▸ **Task details**: Only reproduce the lines from the line containing "Mini Lop rabbits" onward, exactly, through the final line of the data below.

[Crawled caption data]
**********

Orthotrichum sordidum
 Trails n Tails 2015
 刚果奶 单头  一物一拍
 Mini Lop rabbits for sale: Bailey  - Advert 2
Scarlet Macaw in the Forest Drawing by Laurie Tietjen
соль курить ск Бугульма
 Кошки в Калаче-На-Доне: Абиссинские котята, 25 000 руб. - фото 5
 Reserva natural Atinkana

**********

▸ **Worked solution**:
 Mini Lop rabbits for sale: Bailey  - Advert 2
Scarlet Macaw in the Forest Drawing by Laurie Tietjen
соль курить ск Бугульма
 Кошки в Калаче-На-Доне: Абиссинские котята, 25 000 руб. - фото 5
 Reserva natural Atinkana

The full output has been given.